What are the Arguments Against UBI in India?

  • Higher Government Expenditure: If UBI is universal, which means all citizens, regardless of their financial capacity, are by default beneficiaries will widen the existing rich-poor gap in India.
    • Adopting a universal approach in India would result in higher government expenditure as it will have to ensure that no citizens are excluded.
    • Once introduced, it may become difficult for the government to wind up a UBI in case of failure.
  • Conspicuous Spending: UBI is not tied to the recipients’ behaviour, and they are free to spend the money as they wish. Households with lack of awareness about fiscal management may spend on wasteful activities.
    • There is no guarantee that the given cash will be spent on productive activities, health & education, etc. It may be spent on tobacco, alcohol, drugs, and other luxury goods etc.
  • Reduction in Labour Force: A minimum guaranteed income might make people lazy and opt out of the labour market.
    • In the absence of any reciprocal exchange, UBI in India may easily turn into a scheme that renders the working age adults as supplicants and without any real purpose or direction in their lives.
  • Increase the Rate of Inflation: Replacing things like food programmes with UBI might expose the population to more market risks and inflation.
  • Lack of Connectivity Channel Between Government and Beneficiary: In India, the poorest live in mostly remote areas and lack recourse to banking and often mobile phones is a major concern.
    • Not all habitations have been covered by the banks and a lot of time and energy is spent in accessing banking services physically.
  • Federal Challenge: Centre-State negotiations on cost sharing for the programme could delay its implementation.
    • Since Indian states are at different levels of development, maintaining a uniform financial transfer will be challenging.
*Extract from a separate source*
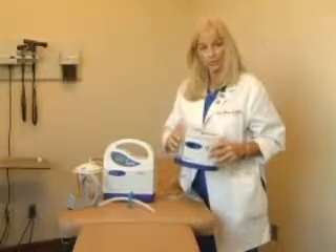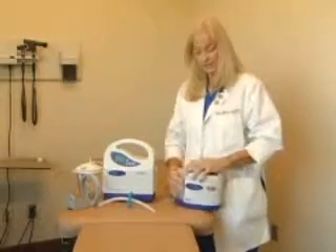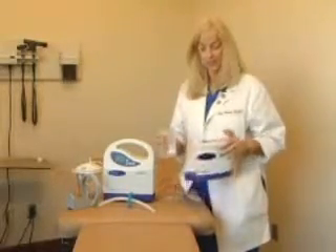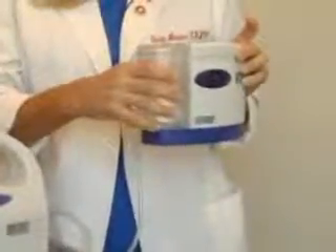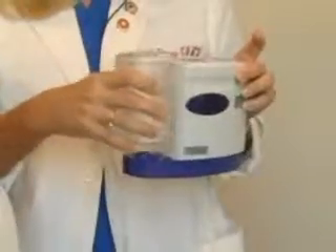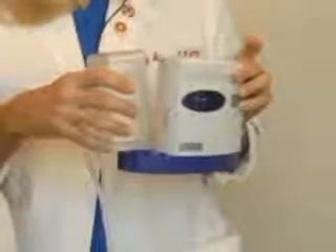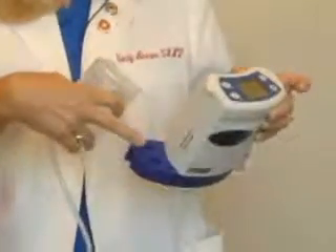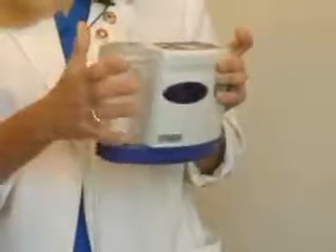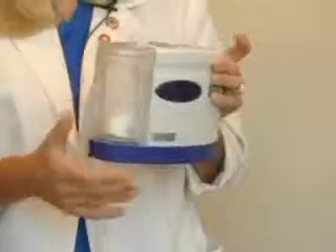The Pro 2 has a self-contained 250cc canister that easily slips off by clipping the tab on the top. Pull out straight — no rocking, no twisting — just pull out straight from the canister and the canister will disengage. The tracks on the bottom will help slide the canister in until you hear it click.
What should be the Way Forward?

  • Food for Thought: UBI is a powerful idea whose time, even if not ripe for implementation, is ripe for serious discussion.
    • Many pilot projects on UBI across the world including the one in Madhya Pradesh have shown positive results and highlighted the benefits of direct income transfer in improving the welfare of poor people.
      • This can be a matter of scrutiny before reaching any conclusion.
  • Quasi-Universal Basic Income: It would be more prudent to take a middle road. The government should retain existing in-kind programs that deliver necessities and enhance one’s quality of life, such as food security, healthcare, sanitation, and education.
    • Once it demonstrates, over time, that it has built a stable system for income transfers, it could revisit the policies towards UBI.
  • Future of UBI Across the Globe: UBI envisages an uncompromised social safety net that seeks to assure a dignified life for everyone, a concept that is expected to gain traction in a global economy buffeted by globalisation, technological change, and automation.
  • Universal Basic Infrastructure/Insurance: Rather than jumping to UBI, focus should be on improving basic infrastructure and accessibility to insurance.
    • “If you give a man a fish, you feed him for a day. If you teach a man to fish, you feed him for a lifetime”. Effective education system will produce skilled youth and eliminate the need for UBI.

Drishti Mains Question

Can Universal basic income (UBI) be an effective tool for eradicating poverty from India? Critically analyse.